Das Äquivalent von Forced Entertainment versenkt sich hingebungsvoll in die Beschreibung des Spektakels, wie es „normalerweise“ stattgefunden hätte. Claire (Marshall) führt ihr Verrecken mit dilettantischer Wucht vor. Der Tod heißt Robin (Arthur). Er versucht in einem schmerzlichen Spagat, Claire zu ignorieren und gleichzeitig zu beachten. Und in einem Moment, in dem das eigene Spielen durch den Inhalt seines Vortrags absurd zu werden droht, hakt der Tod das Thema des Spielens unter: „Was passiert, wenn ich einen Fehler mache, den Rahmen verliere oder hinfalle?" Wenn er, kurz gesagt, eine schlechte Performance hinlegt. Er, der das Schauspielen spielt, dabei also mit dem Verspielen des Spiels spielt. Was, wenn?

Morgen bin ich fort

Was, wenn das Theater innerhalb der Vertheaterung der Gesellschaft nur noch als Affirmation einer Norm dasteht, die sich dadurch praktisch macht, daß, wer das bessere Schauspiel aufführt, die besten Chancen in der Gesellschaft des Spektakels hat? Die Bühne ist ja nur ein schlichter Ort im Vergleich zu den großen medialen Abspielarealen mit ihrer getunten Sinnlichkeit und ihrem überwältigenden Unterhaltungswillen, mit dem wahre Gefühle im Sinne eines globalen Dopings zum Dumpingpreis angeboten werden. „Spectacular“ entwickelt sich mit sanfter und kompromißloser Konsequenz zu einem Höhepunkt hin, der auch seinen Schluß bildet. Claire ist wieder hingefallen. Ihre Hand flattert. Robin klopft sich mit ähnlicher Geste auf das rundliche Bäuchlein: „Wie ein Fisch! Wie ein Code, wie SOS, oder?“ Jetzt kommen „normalerweise“ die Tänzerinnen auf die Bühne, „normalerweise“ kommt daraufhin eine Passage, die das Publikum aufheitern soll, eine Anekdote, „a satire thingy“.

„Ich bin hier, und morgen werde ich weg sein“, küchenphilosophiert der Tod namens Robin. „Ich bin eine Präsenz.“ Als sich die Sterbende wieder aufbäumt, übernimmt er endgültig die Rolle des Regisseurs.

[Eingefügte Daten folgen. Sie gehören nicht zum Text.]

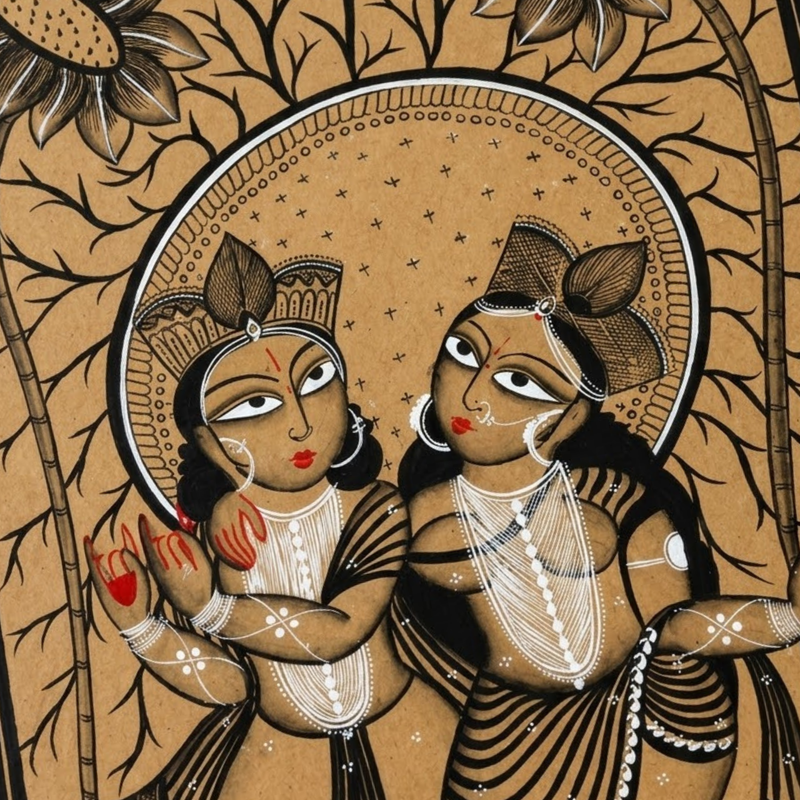 Radha Krishna Pata Chitra Black & White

Als solcher kritisiert er sie: „Es ist ein bißchen absurd, weil dein ganzes Handeln ein Spielen ist.“ Claire ist fertig, die Schlußszene des eigentlichen Stücks wird beschrieben. Und Robin liest noch aus einem Notizbuch vor, das er auf einem Sessel gefunden hat: „Lights on, lights on, lights off, lights on..." Ein perfektes Ende. Robin geht ab.